- **What you need to do**: Copy the complete listing that follows, letter for letter.

····················

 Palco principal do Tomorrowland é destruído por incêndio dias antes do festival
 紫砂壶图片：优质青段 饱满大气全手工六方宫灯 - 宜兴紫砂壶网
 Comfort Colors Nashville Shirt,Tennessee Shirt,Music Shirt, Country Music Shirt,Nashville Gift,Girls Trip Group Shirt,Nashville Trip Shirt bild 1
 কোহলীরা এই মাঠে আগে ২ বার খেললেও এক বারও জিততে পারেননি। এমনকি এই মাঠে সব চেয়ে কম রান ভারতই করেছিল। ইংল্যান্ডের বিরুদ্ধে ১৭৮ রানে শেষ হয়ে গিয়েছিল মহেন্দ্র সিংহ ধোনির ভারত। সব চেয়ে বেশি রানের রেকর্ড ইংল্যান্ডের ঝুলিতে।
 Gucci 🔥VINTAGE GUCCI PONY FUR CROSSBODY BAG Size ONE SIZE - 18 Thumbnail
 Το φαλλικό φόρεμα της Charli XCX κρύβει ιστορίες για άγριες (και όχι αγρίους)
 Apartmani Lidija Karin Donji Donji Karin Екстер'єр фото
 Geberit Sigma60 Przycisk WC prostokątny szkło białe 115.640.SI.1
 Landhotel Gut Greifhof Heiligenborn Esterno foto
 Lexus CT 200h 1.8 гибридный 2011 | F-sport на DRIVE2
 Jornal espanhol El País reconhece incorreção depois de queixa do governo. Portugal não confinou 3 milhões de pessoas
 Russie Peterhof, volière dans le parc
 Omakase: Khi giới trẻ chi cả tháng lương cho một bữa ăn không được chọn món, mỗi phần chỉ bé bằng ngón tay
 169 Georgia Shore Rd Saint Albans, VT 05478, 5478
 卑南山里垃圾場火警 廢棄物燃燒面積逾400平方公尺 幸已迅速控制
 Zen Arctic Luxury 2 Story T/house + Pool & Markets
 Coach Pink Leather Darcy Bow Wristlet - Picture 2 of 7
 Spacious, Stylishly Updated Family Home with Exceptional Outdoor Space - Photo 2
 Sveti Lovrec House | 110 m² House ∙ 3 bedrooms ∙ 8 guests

····················

- **Answer below**:
 Palco principal do Tomorrowland é destruído por incêndio dias antes do festival
 紫砂壶图片：优质青段 饱满大气全手工六方宫灯 - 宜兴紫砂壶网
 Comfort Colors Nashville Shirt,Tennessee Shirt,Music Shirt, Country Music Shirt,Nashville Gift,Girls Trip Group Shirt,Nashville Trip Shirt bild 1
 কোহলীরা এই মাঠে আগে ২ বার খেললেও এক বারও জিততে পারেননি। এমনকি এই মাঠে সব চেয়ে কম রান ভারতই করেছিল। ইংল্যান্ডের বিরুদ্ধে ১৭৮ রানে শেষ হয়ে গিয়েছিল মহেন্দ্র সিংহ ধোনির ভারত। সব চেয়ে বেশি রানের রেকর্ড ইংল্যান্ডের ঝুলিতে।
 Gucci 🔥VINTAGE GUCCI PONY FUR CROSSBODY BAG Size ONE SIZE - 18 Thumbnail
 Το φαλλικό φόρεμα της Charli XCX κρύβει ιστορίες για άγριες (και όχι αγρίους)
 Apartmani Lidija Karin Donji Donji Karin Екстер'єр фото
 Geberit Sigma60 Przycisk WC prostokątny szkło białe 115.640.SI.1
 Landhotel Gut Greifhof Heiligenborn Esterno foto
 Lexus CT 200h 1.8 гибридный 2011 | F-sport на DRIVE2
 Jornal espanhol El País reconhece incorreção depois de queixa do governo. Portugal não confinou 3 milhões de pessoas
 Russie Peterhof, volière dans le parc
 Omakase: Khi giới trẻ chi cả tháng lương cho một bữa ăn không được chọn món, mỗi phần chỉ bé bằng ngón tay
 169 Georgia Shore Rd Saint Albans, VT 05478, 5478
 卑南山里垃圾場火警 廢棄物燃燒面積逾400平方公尺 幸已迅速控制
 Zen Arctic Luxury 2 Story T/house + Pool & Markets
 Coach Pink Leather Darcy Bow Wristlet - Picture 2 of 7
 Spacious, Stylishly Updated Family Home with Exceptional Outdoor Space - Photo 2
 Sveti Lovrec House | 110 m² House ∙ 3 bedrooms ∙ 8 guests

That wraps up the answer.